In mathematics, point-free geometry is a geometry whose primitive ontological notion is "region" rather than point. Two axiomatic systems are set out below, one grounded in mereology, the other in mereotopology and known as "connection theory".
Motivation
Point-free geometry was first formulated in Whitehead (1919, 1920), not as a theory of geometry or of spacetime, but of "events" and of an "extension relation" between events. Whitehead's purposes were as much philosophical as scientific and mathematical. [See Kneebone (1963), chpt. 13.5, for a gentle introduction to Whitehead's theory. Also see Lucas (2000), chpt. 10.]
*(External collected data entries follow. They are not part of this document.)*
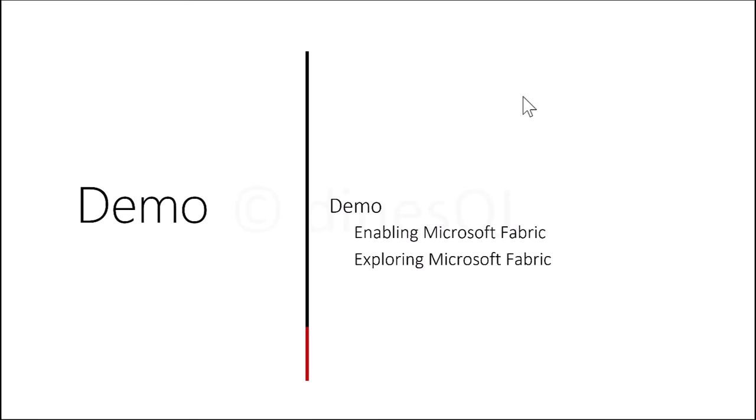We had a look at Microsoft Fabric and explored a few items. That's all for this video — let's see more with the next set of videos. Thanks for watching.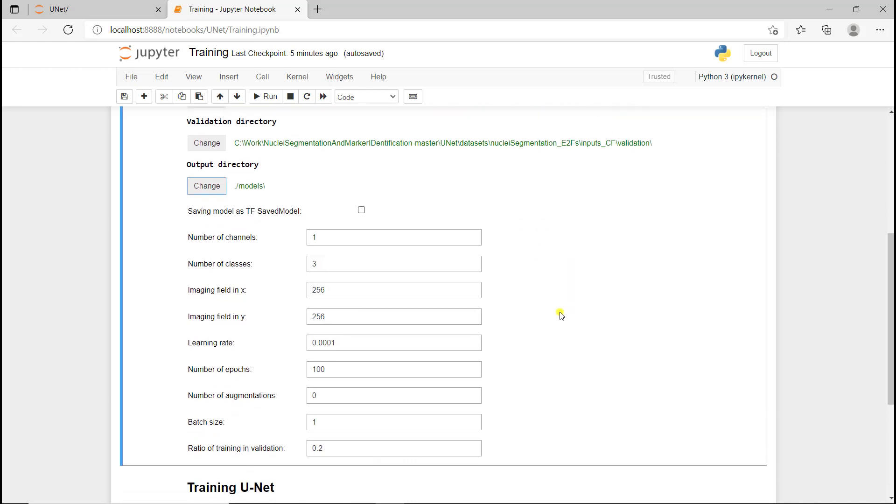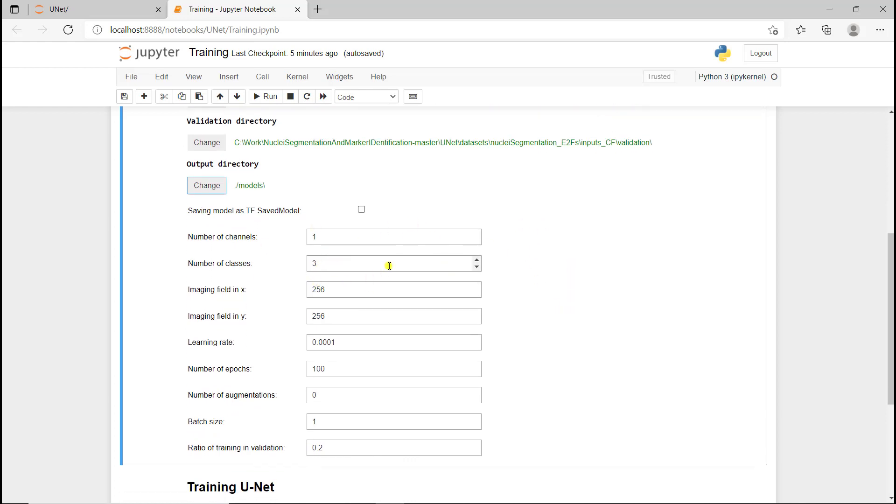The next parameters are related to data. We have one channel, which is DAPI, and three classes: nuclei, nuclei contours, and background. Then we need to define the imaging field. We have 512 by 512 images. We could define it as 512 by 512, but here we're going to keep it to 256 by 256. In that case, the algorithm is going to randomly crop each image into a 256 by 256 smaller image, and it's going to crop it differently for each epoch and for each image.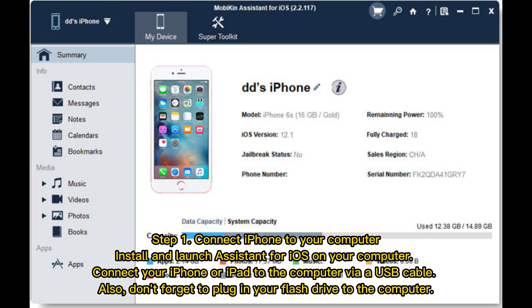Step 1: Connect iPhone to your computer. Install and launch Assistant for iOS on your computer. Connect your iPhone or iPad to the computer via USB cable. Also, don't forget to plug in your flash drive to the computer.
Whitehead did not set out his theories in a manner that would satisfy present-day canons of formality. The two formal first order theories described in this entry were devised by others in order to clarify and refine our understanding of Whitehead's theories. The domain for both theories consists of "regions." All unquantified variables in this entry should be taken as tacitly universally quantified; hence all axioms should be taken as universal closures. No axiom requires more than three quantified variables. Both sets of axioms have four existential quantifiers.
Inclusion-based point-free geometry
The axioms "G1-G7" are, but for numbering, those of Def. 2.1 in Gerla and Miranda (2008). The identifiers of the form WPn, included in the verbal description of each axiom, refer to the corresponding axiom in Simons (1987: 83).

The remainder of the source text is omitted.